:: What you need to do ::
Only one stretch of the data below is wanted: the lines from the one with "Lyngins Modern Twin" through the one with "8ca8337f9fd5432ca945eb894f4d654a_th", repeated exactly.

[Short descriptive text snippets]
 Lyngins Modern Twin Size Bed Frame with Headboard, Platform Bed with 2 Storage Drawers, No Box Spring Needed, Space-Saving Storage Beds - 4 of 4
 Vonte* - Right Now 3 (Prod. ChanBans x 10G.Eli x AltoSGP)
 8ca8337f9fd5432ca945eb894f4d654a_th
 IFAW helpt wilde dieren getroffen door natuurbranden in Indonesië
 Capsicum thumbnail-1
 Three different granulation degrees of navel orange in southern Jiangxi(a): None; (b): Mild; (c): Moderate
* * *
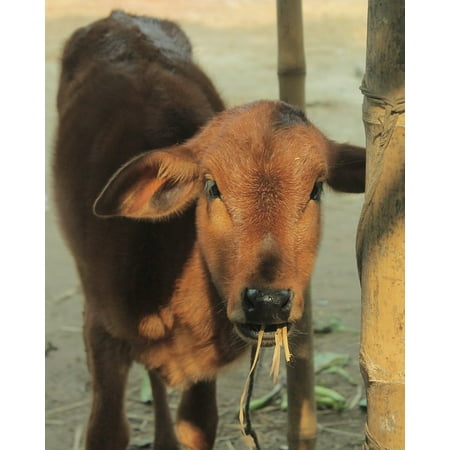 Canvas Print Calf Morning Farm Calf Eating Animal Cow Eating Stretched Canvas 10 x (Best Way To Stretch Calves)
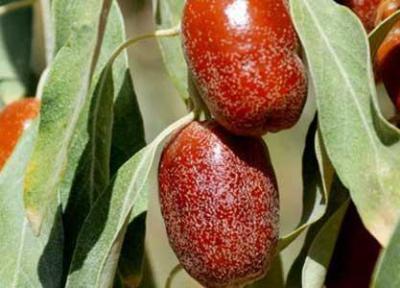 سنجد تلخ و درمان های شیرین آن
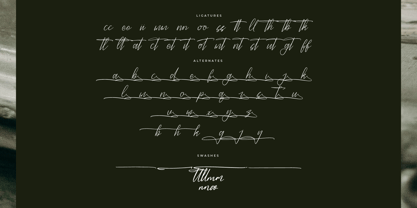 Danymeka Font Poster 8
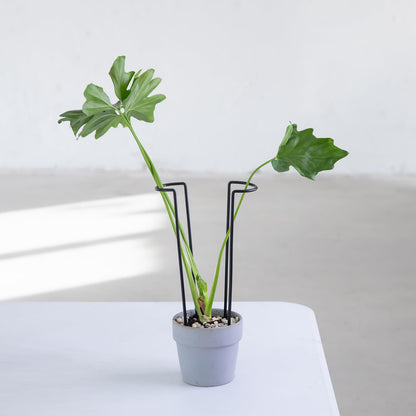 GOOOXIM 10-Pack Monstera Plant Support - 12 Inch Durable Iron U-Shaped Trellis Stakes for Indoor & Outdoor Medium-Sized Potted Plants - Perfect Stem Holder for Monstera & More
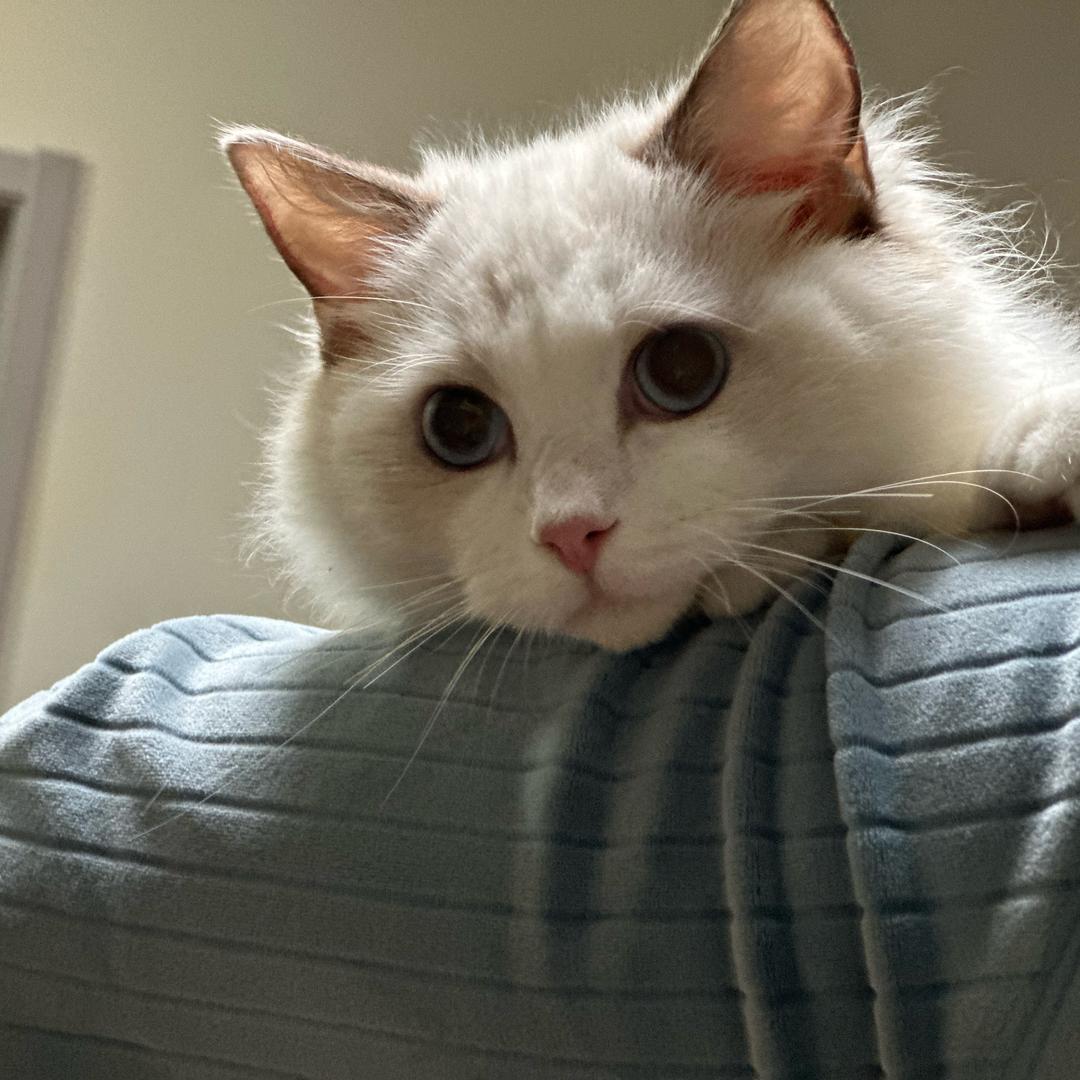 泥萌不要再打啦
---
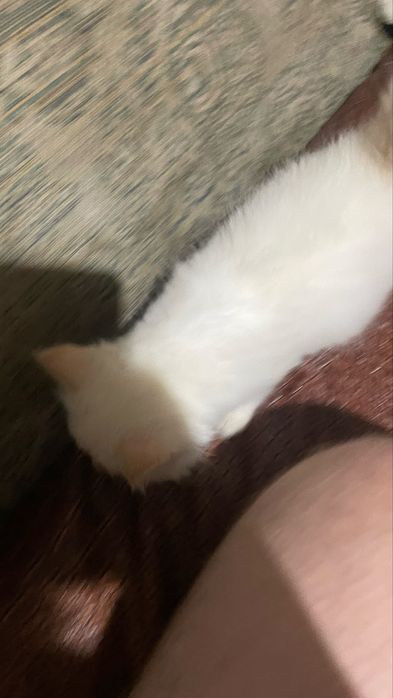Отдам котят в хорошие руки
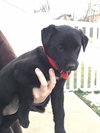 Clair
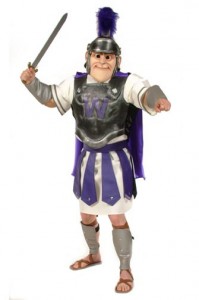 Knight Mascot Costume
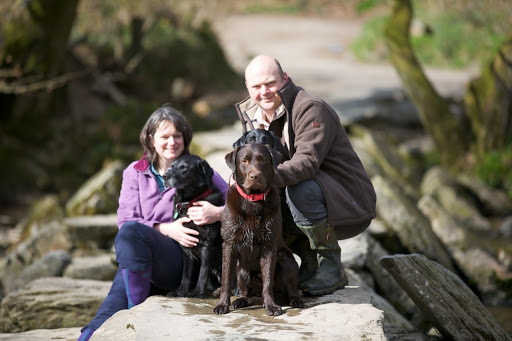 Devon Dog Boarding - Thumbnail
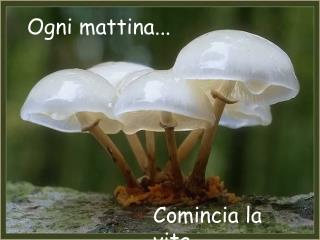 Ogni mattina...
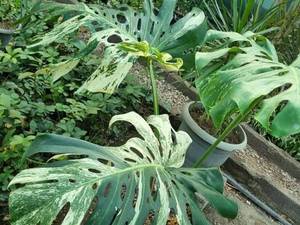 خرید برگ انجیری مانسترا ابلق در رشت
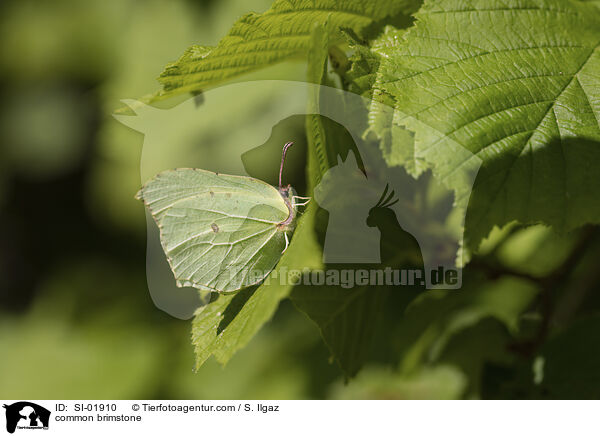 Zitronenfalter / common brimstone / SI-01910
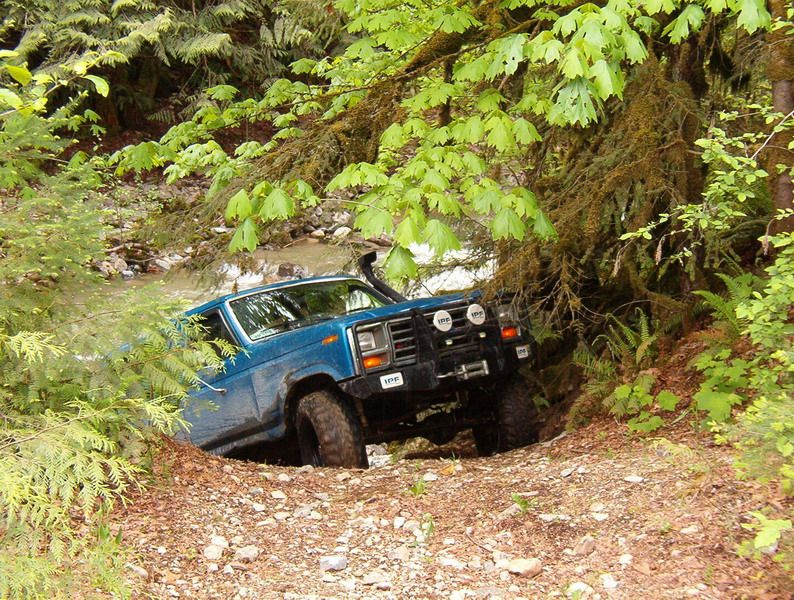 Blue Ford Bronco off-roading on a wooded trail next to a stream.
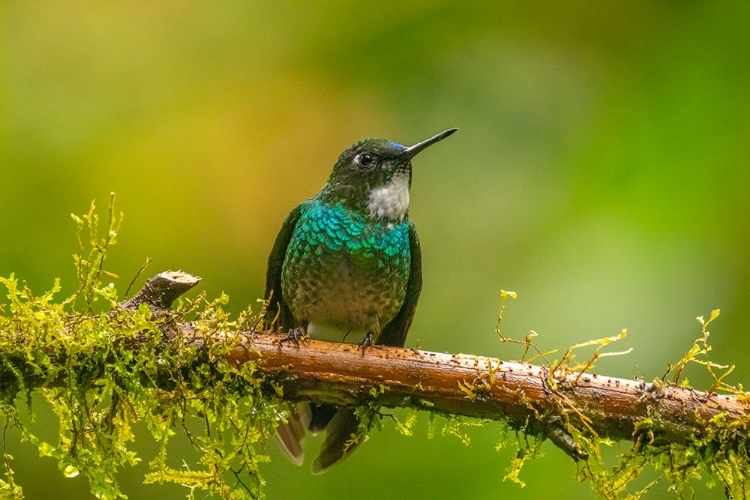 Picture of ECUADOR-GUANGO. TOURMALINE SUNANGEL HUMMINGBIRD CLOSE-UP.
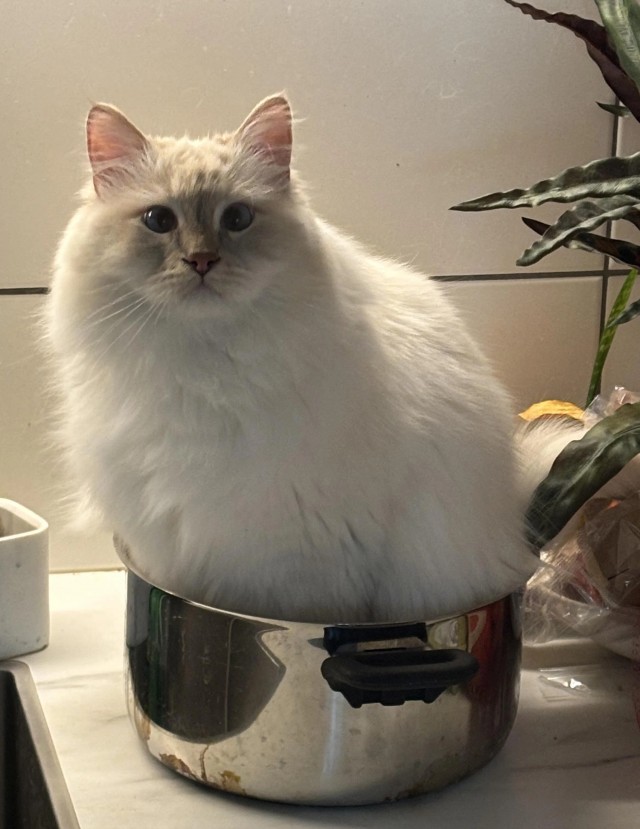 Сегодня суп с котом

:: Solution to the exercise ::
 Lyngins Modern Twin Size Bed Frame with Headboard, Platform Bed with 2 Storage Drawers, No Box Spring Needed, Space-Saving Storage Beds - 4 of 4
 Vonte* - Right Now 3 (Prod. ChanBans x 10G.Eli x AltoSGP)
 8ca8337f9fd5432ca945eb894f4d654a_th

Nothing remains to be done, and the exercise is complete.